For those of you who don’t live near an Aldi store or who’ve never had the pleasure of shopping from a loading pallet, let me give you a bit of background on the company. Aldi is short for Albrecht Discount, a grocery chain founded in 1950s in Germany by brothers Karl and Theo Albrecht. Aldi stores are all about no-frills grocery shopping, featuring a focused selection of food basics with limited brand offerings and serious cost efficiencies. Today, the Aldi Group owns 8,210 stores worldwide and is growing steadily.
As I’ve matured into an unabashed Aldi fan, let me share with you the five lessons Aldi has taught me about frugality. Other stores take note; there’s something to be learned here. (See also: 5 Things Other Grocery Stores Should Steal From Trader Joe's)
1. Simplicity Wins
Aldi doesn’t try to create a shopping "experience." Rather, it tries — quite successfully — to give shoppers a reasonable selection of food staples at amazingly low prices. You’re quite literally shopping in a small warehouse — off of loading pallets with the products’ shipping boxes cut open for display. No shelves, no top-40 music, no deli, no coffee shop, no florist, no free samples, no kidding. It’s wonderful. Aldi’s bare-bones business approach is an island of sanity in a world filled with commercial noise and every conceivable distraction. The smaller selection of house brands mixed with some brand names allows the stores to have a smaller footprint, reduce labor costs, and minimize elaborate pricing and inventory systems. The goal is clean, clear, and simple — control costs.
2. DIY Saves Money
Shopping without much floor help and bagging your own groceries is just part of the simplicity ethos that defines the Aldi shopping experience. With few exceptions, you’re on your own in an Aldi store (just the way I like it), and this DIY approach to shopping saves you money.
3. Less Is More
To shoppers accustomed to having 75 selections of soup, offering just four might sound heretical. But haven’t we all been faced with “analysis paralysis” in the soup or cereal aisle? It’s perversely liberating to have one brand of corn flakes to “choose” from. The choice is either to buy or not to buy.
4. Make Do
Since Aldi stores don’t have 15 types of cheese or 12 different kinds of tomatoes, shoppers learn to be creative and flexible. I imagine many shoppers’ meal plans and recipes are amended based upon what’s available in the stores. It harkens back to that old mantra of “make do, or do without.” Though this may not your preferred way prepare for a formal dinner party, it’s a cost-effective and smart way to manage the day-to-day family food budget.

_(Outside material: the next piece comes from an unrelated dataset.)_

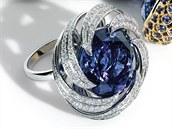 Nejcennjm perkem v cestovn kolekci Tiffany je tento platinov prsten se...
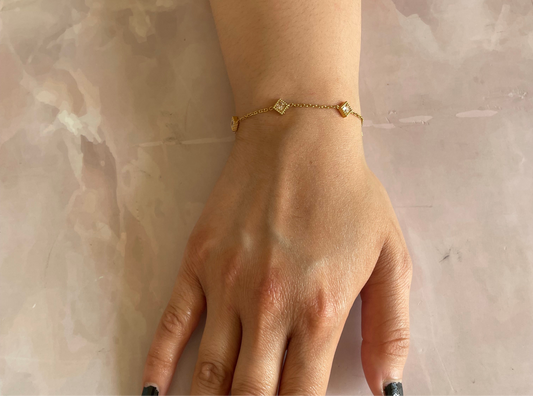Shop mini beads chain bracelet at Jewellery Lovers. Anti-tarnish, trendy & perfect for daily or festive wear. Free shipping available. jewellerylovers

5. It’s All About The Benjamins
Many discount stores are ashamed of their discount status and attempt to hide it in subtle and not-so-subtle ways. There’s some implication that shopping in a decidedly down-scale environment is something to apologize for or re-label, dress up, or rebrand. Aldi makes no such apologies. It attempts to be nothing more than it is — unapologetically discount. Saving money is the goal, and the goal is golden.
I wonder how many defunct stores might have survived if they employed a few of Aldi’s tactics. What’s more, I wonder how many might thrive in our new economy if they scaled back a bit and we all became more reasonable in what we expect from our shopping excursions. Aldi may be humble, but in that humility, there’s a lesson or two in how to navigate the future.
What’s your favorite thing about shopping at Aldi? What’s the best deal you’ve scored there?